His initial paintings show the influence of color in the works of Eugène Delacroix, the luminosity of Camille Corot, and the realism of Gustave Courbet and Édouard Manet. Another painter Renoir greatly admired was the eighteenth-century master François Boucher.
In the 1860s, through the practice of painting light and water en plein air (in the open air), he and his friend Claude Monet discovered that the color of shadows is not brown or black, but the reflected color of the objects surrounding them. Several pairs of paintings exist in which Renoir and Monet, working side-by-side, depicted the same scenes.
One of the best known impressionist works is Renoir's 1876 Dance at Le Moulin de la Galette (Le Bal au Moulin de la Galette), which depicts an open-air scene, jammed with people, in a popular dance garden on the Butte Montmartre close to where he lived.
A trip to Italy in 1881, where he saw works by Raphael and other Renaissance masters, convinced him that he was on the wrong path, and for the next several years he painted in a more severe style.

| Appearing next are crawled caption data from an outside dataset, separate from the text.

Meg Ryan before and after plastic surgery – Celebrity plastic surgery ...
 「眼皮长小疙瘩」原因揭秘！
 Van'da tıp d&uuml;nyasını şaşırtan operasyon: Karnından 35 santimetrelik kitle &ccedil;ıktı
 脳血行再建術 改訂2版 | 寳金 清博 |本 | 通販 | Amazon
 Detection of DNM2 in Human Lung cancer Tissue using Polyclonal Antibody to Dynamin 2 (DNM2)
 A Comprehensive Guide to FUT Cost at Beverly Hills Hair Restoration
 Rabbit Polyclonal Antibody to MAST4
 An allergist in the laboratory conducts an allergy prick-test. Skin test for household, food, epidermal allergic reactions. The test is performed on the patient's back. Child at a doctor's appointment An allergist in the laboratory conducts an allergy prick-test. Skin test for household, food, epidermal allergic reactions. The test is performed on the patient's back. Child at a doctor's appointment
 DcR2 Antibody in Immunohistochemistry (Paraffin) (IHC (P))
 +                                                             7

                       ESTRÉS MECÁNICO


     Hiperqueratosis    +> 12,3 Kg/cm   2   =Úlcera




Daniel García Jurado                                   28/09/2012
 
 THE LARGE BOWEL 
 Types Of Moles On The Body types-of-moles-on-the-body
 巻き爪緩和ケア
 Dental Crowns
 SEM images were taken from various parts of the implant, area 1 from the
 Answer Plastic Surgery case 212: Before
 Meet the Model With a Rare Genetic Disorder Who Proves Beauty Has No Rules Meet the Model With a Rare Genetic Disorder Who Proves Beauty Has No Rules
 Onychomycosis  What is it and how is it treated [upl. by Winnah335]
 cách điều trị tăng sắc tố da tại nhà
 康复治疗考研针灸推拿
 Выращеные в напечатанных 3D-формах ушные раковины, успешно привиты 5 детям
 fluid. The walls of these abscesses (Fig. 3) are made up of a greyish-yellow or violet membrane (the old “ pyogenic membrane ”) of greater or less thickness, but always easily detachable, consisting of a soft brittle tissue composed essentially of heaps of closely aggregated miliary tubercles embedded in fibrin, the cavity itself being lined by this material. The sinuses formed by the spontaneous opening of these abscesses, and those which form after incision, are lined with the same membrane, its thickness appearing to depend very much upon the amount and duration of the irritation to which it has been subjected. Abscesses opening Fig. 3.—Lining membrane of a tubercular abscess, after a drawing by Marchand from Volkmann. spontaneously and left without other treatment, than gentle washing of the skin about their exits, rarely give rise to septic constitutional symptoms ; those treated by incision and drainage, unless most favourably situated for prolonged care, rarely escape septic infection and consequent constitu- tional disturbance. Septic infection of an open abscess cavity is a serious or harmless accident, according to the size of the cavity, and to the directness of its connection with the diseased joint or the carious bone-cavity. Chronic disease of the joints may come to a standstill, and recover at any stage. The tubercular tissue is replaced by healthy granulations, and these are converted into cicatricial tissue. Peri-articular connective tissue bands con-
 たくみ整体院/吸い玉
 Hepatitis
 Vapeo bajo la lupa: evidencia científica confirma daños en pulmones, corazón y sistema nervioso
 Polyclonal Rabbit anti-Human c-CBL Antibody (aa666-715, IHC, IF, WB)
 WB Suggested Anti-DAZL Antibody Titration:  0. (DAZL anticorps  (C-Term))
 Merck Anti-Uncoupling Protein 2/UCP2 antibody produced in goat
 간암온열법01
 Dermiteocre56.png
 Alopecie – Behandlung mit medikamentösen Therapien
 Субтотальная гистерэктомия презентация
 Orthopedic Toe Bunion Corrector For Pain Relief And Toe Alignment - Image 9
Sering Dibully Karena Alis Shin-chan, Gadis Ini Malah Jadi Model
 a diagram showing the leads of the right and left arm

This is sometimes called his "Ingres period," as he concentrated on his drawing and emphasized the outlines of figures. But after 1890 he again changed direction, returning to the use of thinly brushed color which dissolved outlines as in his earlier work. Starting from this period he concentrated especially on monumental nudes and domestic scenes.
A prolific painter, Renoir made several thousand paintings. Unlike other famous impressionist paintings, Renoir’s earlier works contain figures that are easier to relate to, giving his works a more engaging quality. The warm sensuality of Renoir's style made his paintings some of the most well known and frequently reproduced works in the history of art.